Using ToArgb() followed by FromArgb() does not result in the original color

Question

This does not work

        int blueInt = Color.Blue.ToArgb();
        Color fred = Color.FromArgb(blueInt);
        Assert.AreEqual(Color.Blue,fred);
         


        

Answer 1

Alternatively, this also works, and I think it's more intuitive

    [Test]
    public void ColorTransform()
    {
        var argbInt = Color.LightCyan.ToArgb();
        Color backColor = Color.FromArgb(argbInt);
        Assert.AreEqual(Color.LightCyan.A, backColor.A);
        Assert.AreEqual(Color.LightCyan.B, backColor.B);
        Assert.AreEqual(Color.LightCyan.G, backColor.G);
        Assert.AreEqual(Color.LightCyan.R, backColor.R);
    }

Answer 2

They won't equal the same, as Color.Blue doesn't equal your colour object, it equals something stored internally, a "new Color(KnownColor.Blue);" to be exact.

Answer 3

I would have expected this with Assert.AreSame because of the boxing with the value types, but AreEqual should not have this problem.

Could you add which language (I'm assuming C#) your using and which testing framework?

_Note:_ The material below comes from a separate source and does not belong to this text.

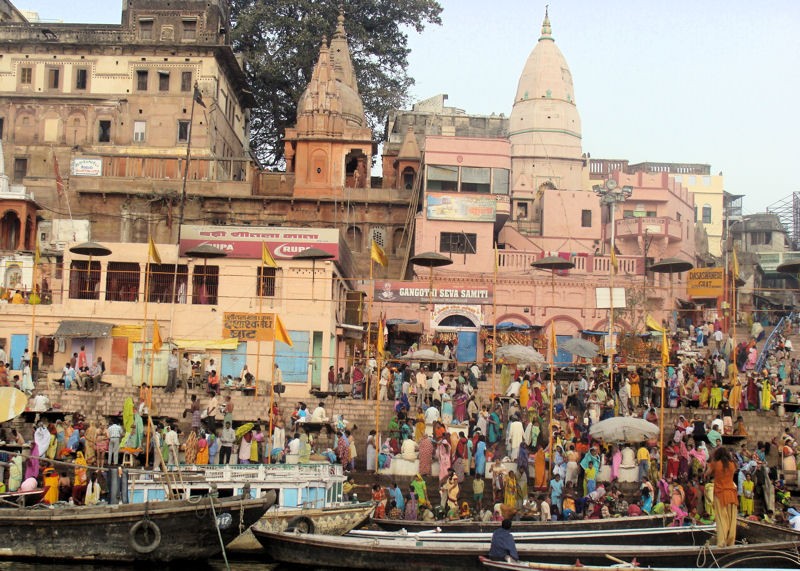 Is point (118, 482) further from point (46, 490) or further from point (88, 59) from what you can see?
point (88, 59)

What does Assert.AreEqual(true, Color.Blue == fred); result in?

Answer 4

From the MSDN documentation on Color.operator ==:

This method compares more than the ARGB values of the Color structures. It also does a comparison of some state flags. If you want to compare just the ARGB values of two Color structures, compare them using the ToArgb method.

I'm guessing the state flags are different.